Netherworld
- Interactive map of Netherworld
- Location: 1313 Netherworld Way Stone Mountain, Georgia
- Coordinates: 33°49′07″N 84°07′09″W﻿ / ﻿33.818690°N 84.119050°W
- Opened: 1997
- Owner: Ben Armstrong; Billy Messina;
- Theme: Halloween
- Operating season: Fall
- Website: Official website

= Netherworld Haunted House =

Haunted attraction outside Atlanta, Georgia

Netherworld Haunted House is a self-guided, walk-through haunted attraction located near Atlanta, Georgia, in unincorporated Gwinnett County. It is a seasonal Halloween-based event which opened in 1997.

Netherworld is distinguished by having developed an original theme which was not based on popular movies, such as slasher films, but rather on a unique storyline. It operates during October of each year.

==History==

The Collector is an icon character at Netherworld Haunted House in Norcross, GA.

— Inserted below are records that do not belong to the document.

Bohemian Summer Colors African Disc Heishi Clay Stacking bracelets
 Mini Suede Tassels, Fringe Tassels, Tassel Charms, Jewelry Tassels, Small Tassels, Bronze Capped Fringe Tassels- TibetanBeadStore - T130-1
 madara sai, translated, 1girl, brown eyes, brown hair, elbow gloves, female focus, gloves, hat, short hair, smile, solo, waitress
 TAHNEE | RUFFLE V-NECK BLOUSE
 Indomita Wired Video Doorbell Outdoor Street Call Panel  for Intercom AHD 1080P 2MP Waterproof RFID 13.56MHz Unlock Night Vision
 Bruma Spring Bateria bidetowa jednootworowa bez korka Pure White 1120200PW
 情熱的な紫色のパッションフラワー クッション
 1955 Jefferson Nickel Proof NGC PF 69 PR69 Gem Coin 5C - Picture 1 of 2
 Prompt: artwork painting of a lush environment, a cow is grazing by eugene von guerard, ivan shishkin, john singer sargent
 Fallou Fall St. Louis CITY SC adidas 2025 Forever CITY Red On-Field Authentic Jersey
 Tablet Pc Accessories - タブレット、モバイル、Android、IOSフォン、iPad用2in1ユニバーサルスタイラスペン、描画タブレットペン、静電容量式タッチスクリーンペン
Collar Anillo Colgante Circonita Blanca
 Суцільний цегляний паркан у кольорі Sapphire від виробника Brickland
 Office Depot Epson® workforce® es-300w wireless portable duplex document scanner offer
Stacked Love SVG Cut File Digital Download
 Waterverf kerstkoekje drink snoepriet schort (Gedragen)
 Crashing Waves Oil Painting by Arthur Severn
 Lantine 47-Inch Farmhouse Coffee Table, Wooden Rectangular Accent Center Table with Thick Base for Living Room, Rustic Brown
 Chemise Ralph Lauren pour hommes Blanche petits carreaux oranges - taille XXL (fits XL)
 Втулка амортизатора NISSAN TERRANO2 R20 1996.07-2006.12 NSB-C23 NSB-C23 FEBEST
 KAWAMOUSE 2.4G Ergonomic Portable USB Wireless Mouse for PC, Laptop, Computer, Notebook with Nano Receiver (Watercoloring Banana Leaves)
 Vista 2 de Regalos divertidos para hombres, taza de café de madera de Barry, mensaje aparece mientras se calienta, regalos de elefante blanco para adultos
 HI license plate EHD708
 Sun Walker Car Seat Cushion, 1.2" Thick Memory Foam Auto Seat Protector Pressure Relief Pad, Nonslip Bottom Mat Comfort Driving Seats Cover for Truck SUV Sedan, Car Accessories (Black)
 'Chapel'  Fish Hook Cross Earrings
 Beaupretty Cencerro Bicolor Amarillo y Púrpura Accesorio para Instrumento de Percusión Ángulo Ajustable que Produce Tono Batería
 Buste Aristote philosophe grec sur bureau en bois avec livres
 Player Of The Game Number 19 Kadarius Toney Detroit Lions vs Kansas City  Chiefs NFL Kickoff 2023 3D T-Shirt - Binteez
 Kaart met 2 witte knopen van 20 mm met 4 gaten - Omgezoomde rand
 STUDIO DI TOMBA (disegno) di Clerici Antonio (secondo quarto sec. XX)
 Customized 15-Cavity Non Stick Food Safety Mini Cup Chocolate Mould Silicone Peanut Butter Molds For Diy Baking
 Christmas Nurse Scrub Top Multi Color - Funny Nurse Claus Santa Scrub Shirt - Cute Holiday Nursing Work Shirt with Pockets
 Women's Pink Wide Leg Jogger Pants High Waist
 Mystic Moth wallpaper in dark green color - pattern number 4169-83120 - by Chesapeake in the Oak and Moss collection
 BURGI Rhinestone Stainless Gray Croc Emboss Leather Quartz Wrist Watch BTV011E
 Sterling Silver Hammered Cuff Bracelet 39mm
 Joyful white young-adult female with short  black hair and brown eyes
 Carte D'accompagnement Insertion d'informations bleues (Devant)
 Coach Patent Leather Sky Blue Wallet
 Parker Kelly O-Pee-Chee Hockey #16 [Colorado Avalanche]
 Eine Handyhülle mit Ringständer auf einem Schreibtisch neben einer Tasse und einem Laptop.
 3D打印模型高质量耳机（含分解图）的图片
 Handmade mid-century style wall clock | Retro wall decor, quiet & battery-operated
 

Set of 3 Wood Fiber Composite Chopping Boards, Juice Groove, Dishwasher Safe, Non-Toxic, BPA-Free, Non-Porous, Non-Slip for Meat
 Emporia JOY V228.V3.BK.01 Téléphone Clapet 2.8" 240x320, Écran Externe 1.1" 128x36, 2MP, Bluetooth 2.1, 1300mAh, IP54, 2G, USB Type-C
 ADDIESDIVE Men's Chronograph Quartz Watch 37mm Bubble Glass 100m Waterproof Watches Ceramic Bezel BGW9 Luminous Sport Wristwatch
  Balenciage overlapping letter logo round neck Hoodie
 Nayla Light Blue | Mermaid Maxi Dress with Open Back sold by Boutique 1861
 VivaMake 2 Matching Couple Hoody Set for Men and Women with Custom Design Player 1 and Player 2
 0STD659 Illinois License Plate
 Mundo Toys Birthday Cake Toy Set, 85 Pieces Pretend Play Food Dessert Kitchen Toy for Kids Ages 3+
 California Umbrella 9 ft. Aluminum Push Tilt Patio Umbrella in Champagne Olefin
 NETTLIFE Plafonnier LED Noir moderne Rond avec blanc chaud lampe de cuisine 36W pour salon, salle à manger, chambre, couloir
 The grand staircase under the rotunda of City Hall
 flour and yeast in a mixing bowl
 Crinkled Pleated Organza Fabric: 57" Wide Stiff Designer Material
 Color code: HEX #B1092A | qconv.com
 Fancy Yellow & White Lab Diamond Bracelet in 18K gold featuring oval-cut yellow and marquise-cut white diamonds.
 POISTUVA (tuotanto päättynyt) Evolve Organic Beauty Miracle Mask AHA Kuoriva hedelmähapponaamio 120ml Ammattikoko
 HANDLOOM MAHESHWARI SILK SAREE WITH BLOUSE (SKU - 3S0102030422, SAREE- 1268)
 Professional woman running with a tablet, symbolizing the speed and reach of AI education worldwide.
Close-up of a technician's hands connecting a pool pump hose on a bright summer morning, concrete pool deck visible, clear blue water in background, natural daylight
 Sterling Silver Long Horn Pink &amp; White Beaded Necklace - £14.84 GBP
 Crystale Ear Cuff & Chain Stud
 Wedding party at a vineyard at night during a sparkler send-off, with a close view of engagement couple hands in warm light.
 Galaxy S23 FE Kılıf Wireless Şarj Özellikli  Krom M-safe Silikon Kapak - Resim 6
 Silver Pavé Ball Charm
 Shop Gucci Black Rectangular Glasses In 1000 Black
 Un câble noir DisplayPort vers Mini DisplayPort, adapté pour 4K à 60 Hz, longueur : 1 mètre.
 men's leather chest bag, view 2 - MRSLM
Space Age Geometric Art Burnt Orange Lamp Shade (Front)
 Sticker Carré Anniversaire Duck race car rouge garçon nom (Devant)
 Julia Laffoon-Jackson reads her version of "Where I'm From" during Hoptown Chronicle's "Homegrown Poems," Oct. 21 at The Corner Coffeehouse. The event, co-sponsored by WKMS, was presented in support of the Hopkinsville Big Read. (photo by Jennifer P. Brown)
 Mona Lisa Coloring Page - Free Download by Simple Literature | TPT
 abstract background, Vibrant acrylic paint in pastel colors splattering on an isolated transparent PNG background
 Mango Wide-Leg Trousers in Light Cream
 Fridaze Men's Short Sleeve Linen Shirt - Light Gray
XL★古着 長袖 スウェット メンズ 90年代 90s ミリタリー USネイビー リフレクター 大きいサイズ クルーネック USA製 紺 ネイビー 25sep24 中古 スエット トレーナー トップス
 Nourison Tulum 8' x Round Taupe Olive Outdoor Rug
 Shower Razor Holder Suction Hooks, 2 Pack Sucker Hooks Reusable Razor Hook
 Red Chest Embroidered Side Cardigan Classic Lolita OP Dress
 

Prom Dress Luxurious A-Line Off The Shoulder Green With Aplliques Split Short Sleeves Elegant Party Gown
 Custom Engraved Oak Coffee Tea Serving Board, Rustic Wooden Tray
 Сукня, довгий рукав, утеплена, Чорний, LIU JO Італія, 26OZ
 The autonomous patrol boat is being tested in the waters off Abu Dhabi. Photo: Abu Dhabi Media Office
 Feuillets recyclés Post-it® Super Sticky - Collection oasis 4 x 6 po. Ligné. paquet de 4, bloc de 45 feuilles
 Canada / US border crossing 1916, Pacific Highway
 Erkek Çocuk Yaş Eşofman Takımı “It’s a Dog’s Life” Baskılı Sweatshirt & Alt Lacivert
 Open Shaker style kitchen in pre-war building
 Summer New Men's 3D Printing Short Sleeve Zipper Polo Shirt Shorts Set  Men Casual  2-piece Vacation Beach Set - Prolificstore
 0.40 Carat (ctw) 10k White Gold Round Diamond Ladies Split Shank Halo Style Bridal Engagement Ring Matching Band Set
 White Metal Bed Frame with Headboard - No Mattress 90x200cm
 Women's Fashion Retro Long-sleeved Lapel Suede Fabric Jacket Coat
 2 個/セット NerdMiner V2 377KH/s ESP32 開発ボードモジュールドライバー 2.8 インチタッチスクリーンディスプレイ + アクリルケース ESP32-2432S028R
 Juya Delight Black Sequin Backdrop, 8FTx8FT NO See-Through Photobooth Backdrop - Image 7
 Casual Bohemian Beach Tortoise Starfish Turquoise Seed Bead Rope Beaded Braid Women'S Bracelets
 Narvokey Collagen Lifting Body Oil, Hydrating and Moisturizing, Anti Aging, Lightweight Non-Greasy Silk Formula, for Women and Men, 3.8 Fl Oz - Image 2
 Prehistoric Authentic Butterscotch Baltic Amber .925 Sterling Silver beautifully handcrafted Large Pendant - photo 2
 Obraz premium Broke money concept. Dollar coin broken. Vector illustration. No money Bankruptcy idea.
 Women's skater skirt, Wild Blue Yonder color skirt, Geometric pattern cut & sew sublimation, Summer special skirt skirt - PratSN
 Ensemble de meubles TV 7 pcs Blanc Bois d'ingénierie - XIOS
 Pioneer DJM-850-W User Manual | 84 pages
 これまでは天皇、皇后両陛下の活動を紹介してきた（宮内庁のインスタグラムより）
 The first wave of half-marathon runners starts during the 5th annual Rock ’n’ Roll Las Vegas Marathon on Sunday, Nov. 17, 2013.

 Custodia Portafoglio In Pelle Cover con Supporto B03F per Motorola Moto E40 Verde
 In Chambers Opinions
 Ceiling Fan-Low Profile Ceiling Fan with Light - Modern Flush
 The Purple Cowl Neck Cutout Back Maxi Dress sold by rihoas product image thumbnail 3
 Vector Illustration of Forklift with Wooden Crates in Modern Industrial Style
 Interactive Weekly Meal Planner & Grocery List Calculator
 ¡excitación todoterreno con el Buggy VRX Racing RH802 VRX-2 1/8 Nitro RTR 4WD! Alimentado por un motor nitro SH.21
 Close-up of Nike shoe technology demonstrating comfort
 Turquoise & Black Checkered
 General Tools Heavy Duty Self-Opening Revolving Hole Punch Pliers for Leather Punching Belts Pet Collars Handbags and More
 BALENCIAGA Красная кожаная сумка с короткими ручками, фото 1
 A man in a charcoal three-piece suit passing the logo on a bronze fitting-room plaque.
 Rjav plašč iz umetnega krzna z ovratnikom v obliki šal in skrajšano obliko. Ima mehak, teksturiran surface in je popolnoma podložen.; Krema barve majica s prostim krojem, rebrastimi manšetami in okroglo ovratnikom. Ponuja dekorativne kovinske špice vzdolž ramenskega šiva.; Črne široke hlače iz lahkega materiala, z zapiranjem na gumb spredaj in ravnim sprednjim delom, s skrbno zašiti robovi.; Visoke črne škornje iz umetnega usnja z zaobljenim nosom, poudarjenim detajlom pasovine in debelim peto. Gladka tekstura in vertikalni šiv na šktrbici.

Beginning in 1997, there was only a single haunted house located in Kennesaw, GA. In 1998, Netherworld moved to the Georgia Antique Center in Norcross, GA and a second smaller haunt was added in 1999, featuring a 3-D ChromaDepth experience. In 2000, a third event was added at a remote location for one year, called Bloodfeast, a replica of a Medieval Torture Chamber. This event can now be seen every Spring at the Georgia Renaissance Festival. In 2003 Netherworld expanded with a third attraction that was located one floor below the larger one. It began as Tomb of Darkness, a very dark show, and slowly evolved into a more gory reality based event when compared with the traditional gothic horror elements of the upstairs haunt. In 2007 The 3-D Show and the Main show were combined in Leviathan, and a new introductory section and gift shop were added.

As of 2016, Netherworld Haunted Attractions LLC announced that they would be moving the entire attraction to Stone Mountain, Georgia. This move was announced in 2016, and as of 2017, the new location was open featuring three indoor "escape games" (escape rooms). In 2017, the main haunted houses remained at the Norcross location. After the 2017 season ended, Netherworld packed up over 20 years of props and monsters and moved to its new location at 2076 West Park Place Boulevard in Stone Mountain, GA.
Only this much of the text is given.